In a way, I think that maybe in the last month and a half, I have been assessing how I have been dealing with these challenges. I've been evaluating how I cope.

I've gained some fortitude from knowing that at this point, I feel relatively stable in my service. I know how to cope well. I did experience a series of rough patches in the last month and a half. Yet, at no point during this period did I sink anywhere nearly as low as I did during my first few months living here in my town, from late November last year to mid-March this year. I think that I've fared as well as I have because of the advice I've received, and my own advice (mostly contained in my August 2011 blog post entitled "Tips for PCVs and PCTs,") which I myself have tried to follow. Recently when I was feeling down, I identified how I was feeling. I thought, "I'm feeling homesick." Next I thought, "It's reasonable for me to feel homesick. I am far away from many people I love. I miss them. It's completely natural for me to feel this way." Immediately I felt drastically better. Knowing that I can competently cope, I then feel empowered to take action in other areas, such as my work.

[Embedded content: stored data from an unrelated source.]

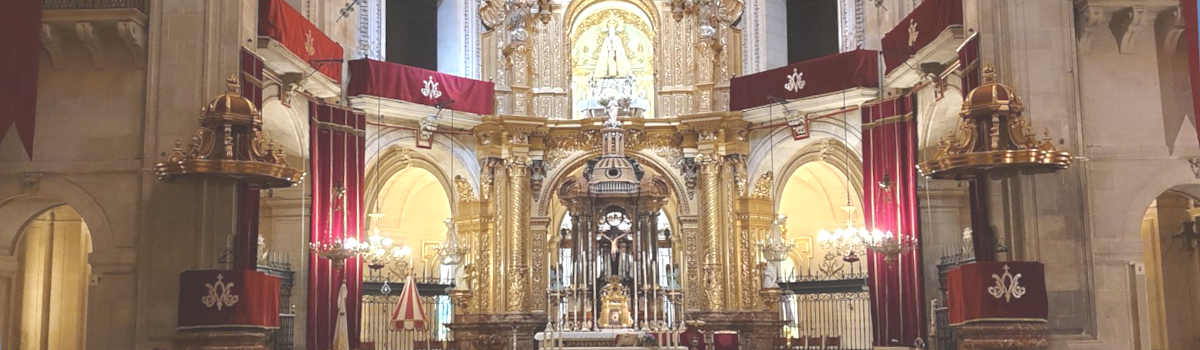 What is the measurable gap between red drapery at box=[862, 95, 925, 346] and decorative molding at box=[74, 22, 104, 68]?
12056 millimetres

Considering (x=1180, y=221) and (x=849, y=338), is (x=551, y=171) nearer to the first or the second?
(x=849, y=338)

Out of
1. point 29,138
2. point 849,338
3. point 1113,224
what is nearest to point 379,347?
point 849,338

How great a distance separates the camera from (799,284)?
82.6ft

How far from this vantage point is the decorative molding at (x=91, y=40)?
15.0m

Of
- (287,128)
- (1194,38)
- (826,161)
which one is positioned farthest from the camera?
(826,161)

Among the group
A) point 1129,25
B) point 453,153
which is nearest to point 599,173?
point 453,153

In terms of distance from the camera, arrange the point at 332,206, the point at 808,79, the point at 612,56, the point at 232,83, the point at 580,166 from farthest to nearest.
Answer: the point at 612,56, the point at 580,166, the point at 808,79, the point at 332,206, the point at 232,83

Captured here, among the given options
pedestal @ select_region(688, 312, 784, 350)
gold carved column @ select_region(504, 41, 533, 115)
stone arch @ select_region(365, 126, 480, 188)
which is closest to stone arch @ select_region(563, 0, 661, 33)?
gold carved column @ select_region(504, 41, 533, 115)

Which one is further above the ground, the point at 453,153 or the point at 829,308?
the point at 453,153

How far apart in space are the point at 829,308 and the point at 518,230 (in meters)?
6.71

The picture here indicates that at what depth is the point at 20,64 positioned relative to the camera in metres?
13.0

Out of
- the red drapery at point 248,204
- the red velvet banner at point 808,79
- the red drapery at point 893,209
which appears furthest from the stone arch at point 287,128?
the red drapery at point 893,209

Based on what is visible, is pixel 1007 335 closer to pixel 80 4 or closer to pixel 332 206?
pixel 332 206

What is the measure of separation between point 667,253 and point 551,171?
3.41m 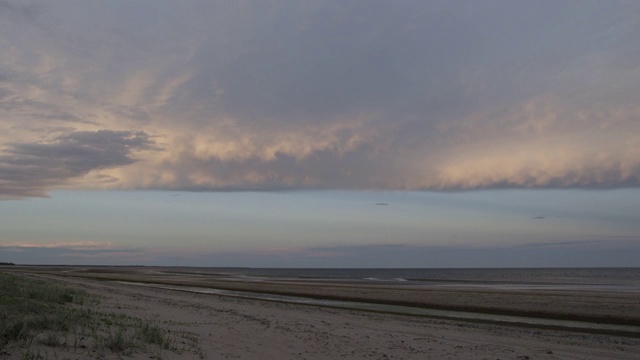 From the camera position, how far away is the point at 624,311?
29.6 meters

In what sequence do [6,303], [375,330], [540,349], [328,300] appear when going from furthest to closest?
1. [328,300]
2. [375,330]
3. [540,349]
4. [6,303]

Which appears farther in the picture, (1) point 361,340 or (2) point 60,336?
(1) point 361,340

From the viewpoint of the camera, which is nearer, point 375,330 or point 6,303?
point 6,303

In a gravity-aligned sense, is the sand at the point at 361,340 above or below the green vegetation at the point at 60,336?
below

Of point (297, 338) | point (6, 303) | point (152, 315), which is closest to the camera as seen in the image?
point (6, 303)

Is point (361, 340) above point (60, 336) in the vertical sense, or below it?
below

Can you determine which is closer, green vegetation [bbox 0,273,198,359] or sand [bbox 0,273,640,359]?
green vegetation [bbox 0,273,198,359]

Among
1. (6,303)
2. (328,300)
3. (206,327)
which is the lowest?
(328,300)

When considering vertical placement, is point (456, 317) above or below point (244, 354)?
below

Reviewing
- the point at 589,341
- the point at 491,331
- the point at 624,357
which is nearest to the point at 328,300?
the point at 491,331

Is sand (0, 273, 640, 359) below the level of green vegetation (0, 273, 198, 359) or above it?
below

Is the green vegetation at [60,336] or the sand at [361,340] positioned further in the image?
the sand at [361,340]

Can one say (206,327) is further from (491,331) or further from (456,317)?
(456,317)

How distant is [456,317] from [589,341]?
9.38 metres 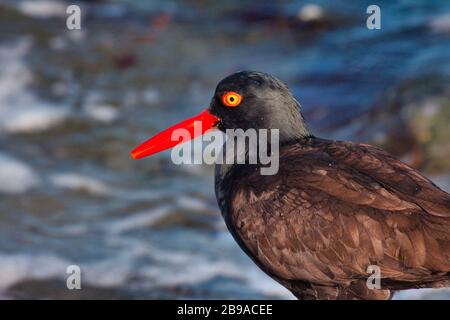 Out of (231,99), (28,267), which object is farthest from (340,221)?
(28,267)

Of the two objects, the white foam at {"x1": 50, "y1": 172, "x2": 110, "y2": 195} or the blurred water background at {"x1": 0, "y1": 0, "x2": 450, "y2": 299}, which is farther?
the white foam at {"x1": 50, "y1": 172, "x2": 110, "y2": 195}

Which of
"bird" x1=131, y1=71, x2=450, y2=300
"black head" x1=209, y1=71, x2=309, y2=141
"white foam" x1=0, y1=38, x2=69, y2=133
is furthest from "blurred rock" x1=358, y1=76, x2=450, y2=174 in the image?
"white foam" x1=0, y1=38, x2=69, y2=133

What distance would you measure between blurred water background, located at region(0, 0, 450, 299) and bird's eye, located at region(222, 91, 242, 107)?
1523 millimetres

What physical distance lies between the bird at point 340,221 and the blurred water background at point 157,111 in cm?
135

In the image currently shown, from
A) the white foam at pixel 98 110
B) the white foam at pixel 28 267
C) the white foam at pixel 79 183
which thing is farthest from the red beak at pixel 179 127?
the white foam at pixel 98 110

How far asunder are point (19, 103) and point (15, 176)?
62.3 inches

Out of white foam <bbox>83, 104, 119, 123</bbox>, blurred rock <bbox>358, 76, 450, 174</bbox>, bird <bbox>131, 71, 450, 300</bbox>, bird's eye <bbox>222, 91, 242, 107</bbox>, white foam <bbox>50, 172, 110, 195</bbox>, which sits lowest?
bird <bbox>131, 71, 450, 300</bbox>

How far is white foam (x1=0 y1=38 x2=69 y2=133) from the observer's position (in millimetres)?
8891

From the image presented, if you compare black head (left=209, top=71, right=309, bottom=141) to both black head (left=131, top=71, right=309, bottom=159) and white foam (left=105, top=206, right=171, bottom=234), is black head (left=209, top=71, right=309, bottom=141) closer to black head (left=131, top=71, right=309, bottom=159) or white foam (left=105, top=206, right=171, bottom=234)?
black head (left=131, top=71, right=309, bottom=159)

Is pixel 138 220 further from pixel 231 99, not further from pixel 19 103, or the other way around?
pixel 19 103

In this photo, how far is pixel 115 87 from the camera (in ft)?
32.0

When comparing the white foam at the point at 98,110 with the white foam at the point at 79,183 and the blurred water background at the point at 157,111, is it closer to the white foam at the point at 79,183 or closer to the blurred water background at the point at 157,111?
the blurred water background at the point at 157,111

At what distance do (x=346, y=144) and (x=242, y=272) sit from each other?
1.87 m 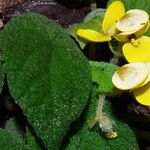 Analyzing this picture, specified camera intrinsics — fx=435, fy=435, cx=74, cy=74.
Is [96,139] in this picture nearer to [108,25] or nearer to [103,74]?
[103,74]

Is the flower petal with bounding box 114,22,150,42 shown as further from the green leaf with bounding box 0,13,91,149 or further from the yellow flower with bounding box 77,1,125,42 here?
the green leaf with bounding box 0,13,91,149

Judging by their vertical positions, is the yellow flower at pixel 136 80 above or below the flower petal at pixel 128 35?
below

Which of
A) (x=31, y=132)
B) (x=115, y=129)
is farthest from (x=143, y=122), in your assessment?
(x=31, y=132)

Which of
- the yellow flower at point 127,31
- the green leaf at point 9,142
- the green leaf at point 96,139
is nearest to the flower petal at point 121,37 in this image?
the yellow flower at point 127,31

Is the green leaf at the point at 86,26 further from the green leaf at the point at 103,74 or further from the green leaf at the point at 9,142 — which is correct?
the green leaf at the point at 9,142

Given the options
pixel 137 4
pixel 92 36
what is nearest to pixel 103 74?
pixel 92 36

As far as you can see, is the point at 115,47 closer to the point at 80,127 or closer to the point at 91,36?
the point at 91,36

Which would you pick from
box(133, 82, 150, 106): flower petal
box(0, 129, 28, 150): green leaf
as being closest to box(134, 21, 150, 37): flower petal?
box(133, 82, 150, 106): flower petal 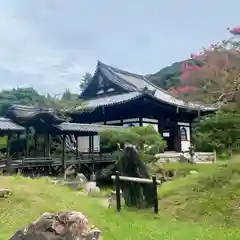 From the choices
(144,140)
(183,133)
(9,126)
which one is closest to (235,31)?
(144,140)

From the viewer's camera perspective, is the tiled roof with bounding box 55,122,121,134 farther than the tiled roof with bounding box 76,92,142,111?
No

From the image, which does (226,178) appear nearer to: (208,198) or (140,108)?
(208,198)

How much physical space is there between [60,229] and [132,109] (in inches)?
924

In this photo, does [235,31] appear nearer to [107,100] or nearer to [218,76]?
[218,76]


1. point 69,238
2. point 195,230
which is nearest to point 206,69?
point 195,230

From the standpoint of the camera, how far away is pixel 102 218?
808 cm

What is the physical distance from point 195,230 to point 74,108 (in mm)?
21805

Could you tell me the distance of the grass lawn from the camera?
21.9 feet

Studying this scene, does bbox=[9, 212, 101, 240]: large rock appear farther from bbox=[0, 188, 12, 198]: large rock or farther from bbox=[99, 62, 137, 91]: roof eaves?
bbox=[99, 62, 137, 91]: roof eaves

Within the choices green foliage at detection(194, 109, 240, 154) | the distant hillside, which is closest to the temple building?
green foliage at detection(194, 109, 240, 154)

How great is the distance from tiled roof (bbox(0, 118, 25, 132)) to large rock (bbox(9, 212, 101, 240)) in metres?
15.3

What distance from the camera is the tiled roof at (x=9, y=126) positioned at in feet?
60.6

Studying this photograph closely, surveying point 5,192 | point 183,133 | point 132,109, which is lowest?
point 5,192

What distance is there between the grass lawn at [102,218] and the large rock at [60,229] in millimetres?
3025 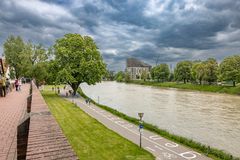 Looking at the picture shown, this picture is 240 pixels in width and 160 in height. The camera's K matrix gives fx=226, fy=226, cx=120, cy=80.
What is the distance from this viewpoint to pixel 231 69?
64.4 m

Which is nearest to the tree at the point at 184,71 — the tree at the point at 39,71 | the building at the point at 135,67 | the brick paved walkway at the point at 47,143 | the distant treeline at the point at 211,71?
the distant treeline at the point at 211,71

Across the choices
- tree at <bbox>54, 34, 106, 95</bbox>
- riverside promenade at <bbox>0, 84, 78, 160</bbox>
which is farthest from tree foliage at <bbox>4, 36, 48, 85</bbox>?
riverside promenade at <bbox>0, 84, 78, 160</bbox>

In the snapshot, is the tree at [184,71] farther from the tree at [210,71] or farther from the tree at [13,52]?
the tree at [13,52]

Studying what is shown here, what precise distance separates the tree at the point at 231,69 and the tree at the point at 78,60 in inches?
1592

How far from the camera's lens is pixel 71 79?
37.0 meters

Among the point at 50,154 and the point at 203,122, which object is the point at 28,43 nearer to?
the point at 203,122

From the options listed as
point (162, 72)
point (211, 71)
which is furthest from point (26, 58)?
point (162, 72)

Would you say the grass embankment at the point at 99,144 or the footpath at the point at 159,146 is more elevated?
the grass embankment at the point at 99,144

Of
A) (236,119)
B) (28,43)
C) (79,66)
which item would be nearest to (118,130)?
(236,119)

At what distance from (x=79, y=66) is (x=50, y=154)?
120ft

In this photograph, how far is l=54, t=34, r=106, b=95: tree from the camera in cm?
3819

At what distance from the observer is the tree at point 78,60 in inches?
1503

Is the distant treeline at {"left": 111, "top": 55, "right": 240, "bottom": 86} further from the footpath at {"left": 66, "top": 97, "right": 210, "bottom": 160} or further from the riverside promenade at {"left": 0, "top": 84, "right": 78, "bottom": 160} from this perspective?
the riverside promenade at {"left": 0, "top": 84, "right": 78, "bottom": 160}

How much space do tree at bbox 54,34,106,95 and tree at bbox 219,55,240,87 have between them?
4044 centimetres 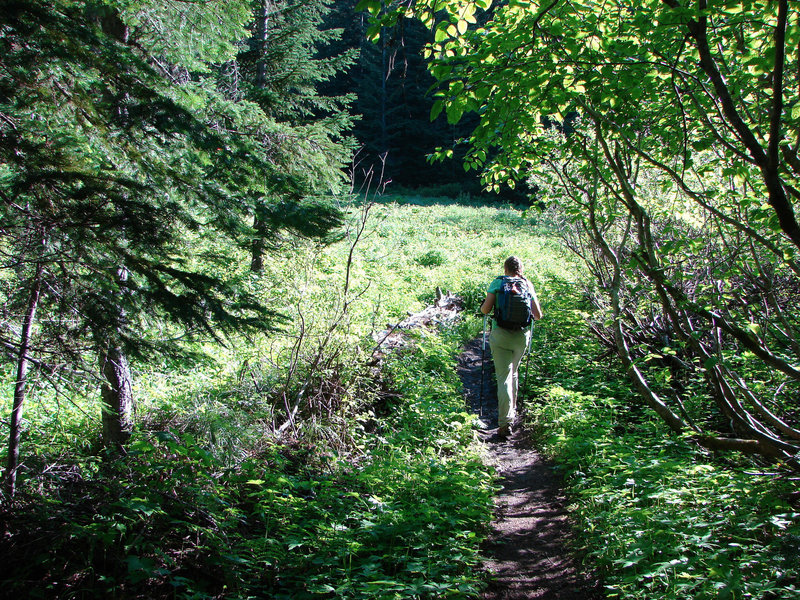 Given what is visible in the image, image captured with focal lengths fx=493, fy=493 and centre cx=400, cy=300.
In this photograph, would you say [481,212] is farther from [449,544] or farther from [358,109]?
[449,544]

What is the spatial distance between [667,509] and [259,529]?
3.19 meters

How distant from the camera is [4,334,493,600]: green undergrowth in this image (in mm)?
2914

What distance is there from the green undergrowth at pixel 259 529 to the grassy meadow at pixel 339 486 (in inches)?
0.7

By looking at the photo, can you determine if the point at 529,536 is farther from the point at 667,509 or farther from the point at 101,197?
Answer: the point at 101,197

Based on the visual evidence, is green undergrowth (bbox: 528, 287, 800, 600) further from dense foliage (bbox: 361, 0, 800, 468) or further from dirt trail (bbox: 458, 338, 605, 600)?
dense foliage (bbox: 361, 0, 800, 468)

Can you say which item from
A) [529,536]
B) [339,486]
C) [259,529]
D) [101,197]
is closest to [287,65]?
[101,197]

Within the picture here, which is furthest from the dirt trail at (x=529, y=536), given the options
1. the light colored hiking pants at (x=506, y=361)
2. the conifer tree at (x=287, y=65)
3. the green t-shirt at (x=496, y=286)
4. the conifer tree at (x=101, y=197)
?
the conifer tree at (x=287, y=65)

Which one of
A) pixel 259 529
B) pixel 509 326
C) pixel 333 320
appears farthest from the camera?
pixel 509 326

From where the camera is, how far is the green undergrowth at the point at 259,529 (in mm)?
2914

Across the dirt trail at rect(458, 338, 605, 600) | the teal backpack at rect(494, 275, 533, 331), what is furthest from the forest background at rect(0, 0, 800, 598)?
the teal backpack at rect(494, 275, 533, 331)

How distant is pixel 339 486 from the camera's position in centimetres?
450

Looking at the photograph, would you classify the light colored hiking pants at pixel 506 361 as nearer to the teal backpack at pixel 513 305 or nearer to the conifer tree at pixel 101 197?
the teal backpack at pixel 513 305

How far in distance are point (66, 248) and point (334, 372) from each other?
10.9 feet

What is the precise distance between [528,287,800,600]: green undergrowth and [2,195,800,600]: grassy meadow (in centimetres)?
2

I've also maintained a sense of direction and purpose by reminding myself while I'm here. I remember very often that I'm trying to do what God wants me to do, namely, help others, and, more specifically, help impoverished people, and, even more specifically, help them better themselves.

In keeping in touch with my faith, and reminding myself what my values are, I've been taking my own advice, remembering what I've learned. And I've also been remembering what others have taught me. You might think I am making a very obvious point here. However, I've seen numerous PCVs sinking low because they succumb to various forms of tunnel vision, of pessimism, of failing to consult, listen to, and learn from others (and at times I have suffered from this malady as well). So remember what you have learned, and ask for help when you need it. After all, the Peace Corps is all about learning from others.